Apa bedanya jika saya tidak melakukan apa yang saya rencanakan? Itu hanya sebuah tarian. Mengapa saya tidak bisa berdansa dengan Raphael?
“Ayo lakukan itu.”
Dengan ekspresi puas, Raphael berbalik.
Maka, hari pertama kompetisi berburu pun berakhir.
Dan keesokan harinya.
Tepat sebelum dimulainya perburuan hari kedua.
“Viscount Weatherwoods. Ada seseorang yang ingin bertemu denganmu.”

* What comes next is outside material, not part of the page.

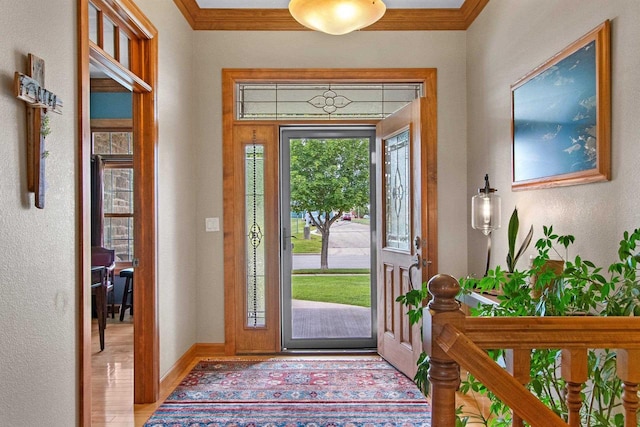 217 Hidden Ridges Way, Combined Locks, WI 54113 - entrance foyer featuring crown molding, wood finished floors, baseboards, and a textured wall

Saya dipanggil oleh Kaisar.
Daisy adalah salah satu karakter yang membuat saya tidak bisa marah karena ragu-ragu atau bimbang dalam mengungkapkan kebenaran. Ini karena dia sudah mengetahui fakta bahwa rekan-rekannya mungkin pada akhirnya akan memaafkannya karena tidak mengungkapkan identitas aslinya kepada mereka sebelumnya. Ini adalah akibat yang dia takuti.
𝗲n𝓾m𝗮.𝓲d
Dia tahu bahwa masa depannya tidak pasti. Dia tidak ingin mereka, terutama Raphael, menanggung beban karena harus berduka atas kehilangannya untuk kedua kalinya.
Setidaknya itu menyayat hati.
Tapi juga, mengisi botolnya dengan alkohol untuk mengacaukannya dan kemudian melupakannya adalah gaya klasik daisy fager lmao.
sekali lagi terima kasih untuk ko-finya, boogie!